Rough, we certainly seem to be coming along... And it's funny reading through my old posts and re-reading the advice that Chatter, Starsky and Denver have been giving me all along... I'm only now truly starting to come to grips with their wisdom. I can't say that I should have listened closer a few months ago, because I know I had to take this journey on my own, but I feel a deep debt of gratitude to each of them (and everyone who's commented along the way). I'm so glad I discovered this board and MWD's books... Who knows where I'd be without them!

But my true test is coming this weekend. It's easy to write here, to pontificate on what I SHOULD do and how I SHOULD act. Putting it into action is going to be a bit tougher. Especially looking into her eyes for the first time in so long... she can be awfully disarming... But I feel a new strength in my convictions, a new sense of self worth, and a new knowledge that by sticking to MY ideals, MY thoughts and MY convictions, nothing bad can come of it.

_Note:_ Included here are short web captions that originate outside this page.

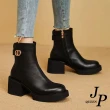 【JP Queen New York】質感單色拉鍊馬丁粗跟短靴(2色可選)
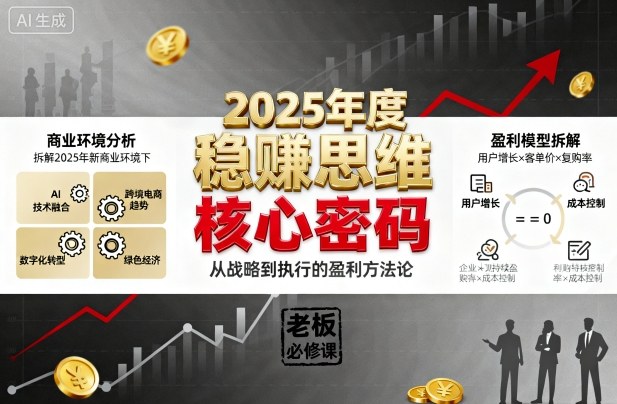 2025年度稳賺思维老板创业营，拆解2025年新商业环境下，企业实现持续盈利的核心密码-泡泡网创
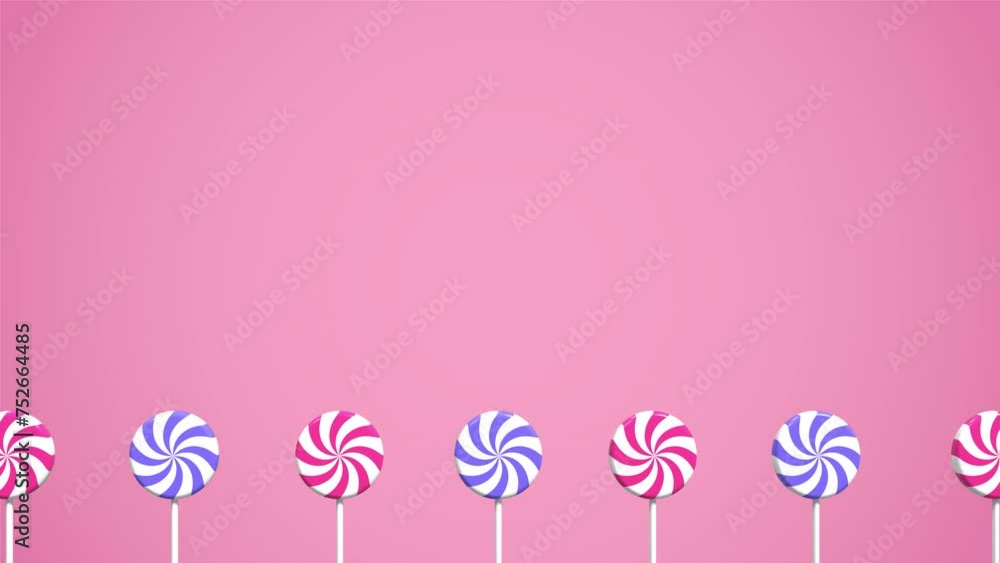 Poster spiral lollipop animation. lollipop on stick animation. striped twisted candy. move to the left and 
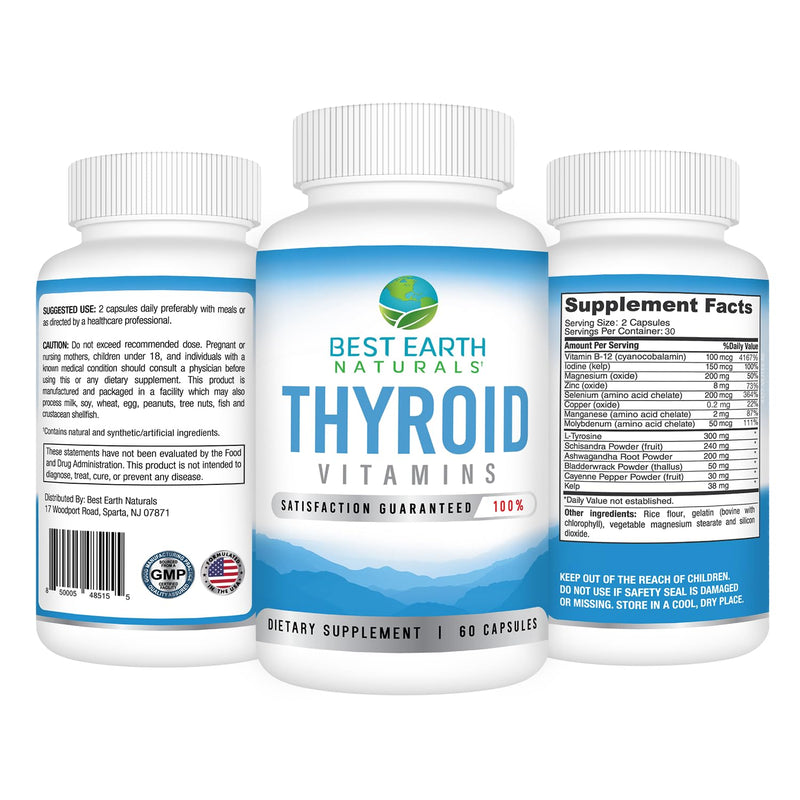 Best Earth Naturals Thyroid Support – 60 Capsules, Pack of 2
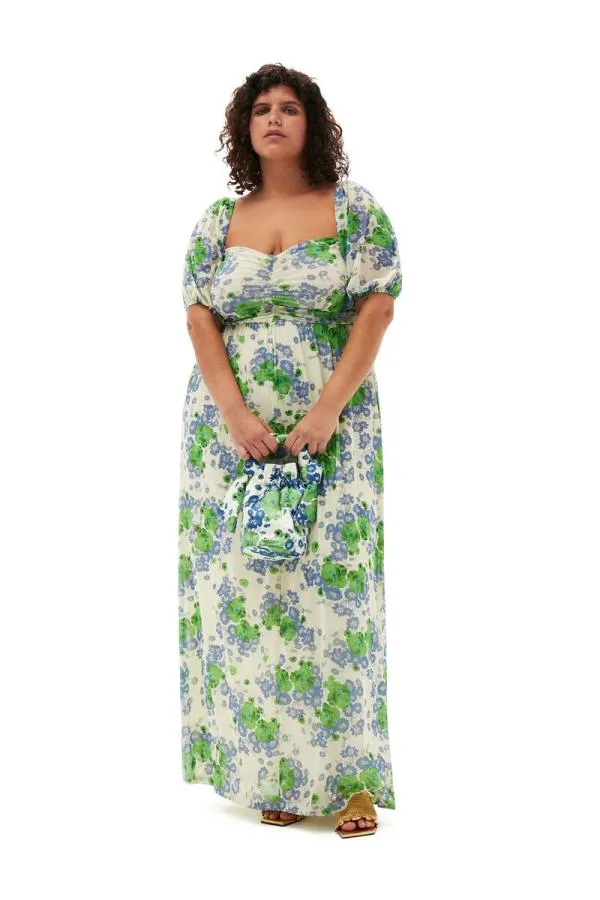 Clothing GANNI Dresses Printed Mesh Puff Sleeves Long Dress Egret Clothing GANNI Dresses Printed Mesh Puff Sleeves Long Dress Egret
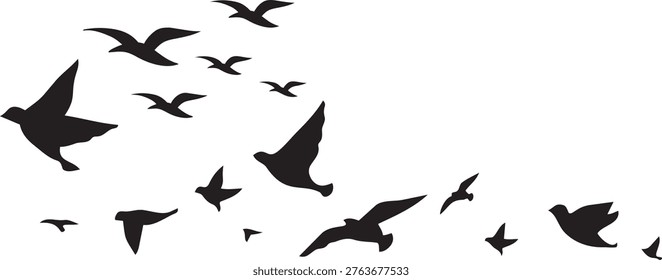 Soaring Silhouettes: A flock of birds, captured in elegant silhouette against the sky, conveying a sense of freedom, travel, and the boundless spirit of nature.png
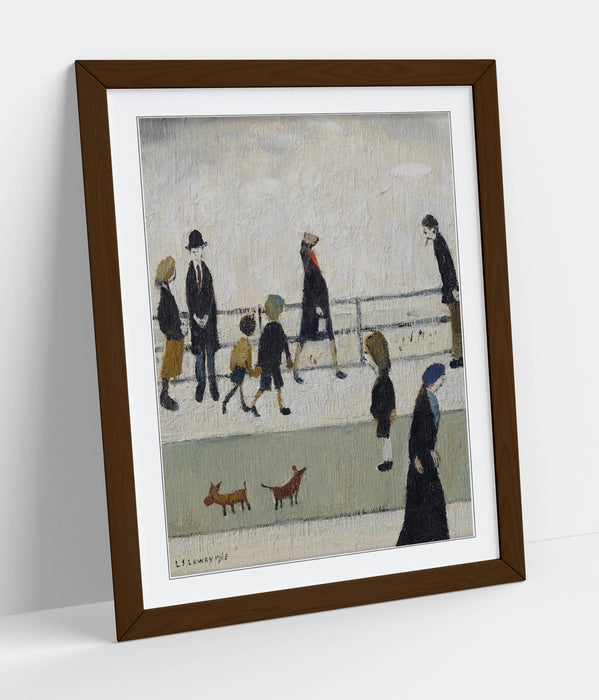 Framed Wall Art Print - LS Lowry 'Promenade' Artwork With Woodgrain Faux Frame & Matte Poster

Do I want this M to work out? Of course I do! Will anything happen this weekend that will change that? I highly doubt it. What WILL happen this weekend is I'll be able to look my W in the eyes and show her that no matter how much I love her, no matter how much I want this to work, and no matter what her mindset is, I'm not the same person she left months ago. I'm not an option and I'm not going to sit around spinning my wheels trying to figure out how to get her back anymore. I'm going to continue working on me, and if she wants to come back, then good for her and we'll see where that takes us.

I'm a way better person than the one she left. There's some strength behind my caring now. There's a conviction coloring my "overly sweet" personality. There's a guy who knows he deserves more than he's been getting these last few months. Hell, maybe she'll leave thinking she doesn't deserve me anymore.

And maybe she'll be right. Only time will tell.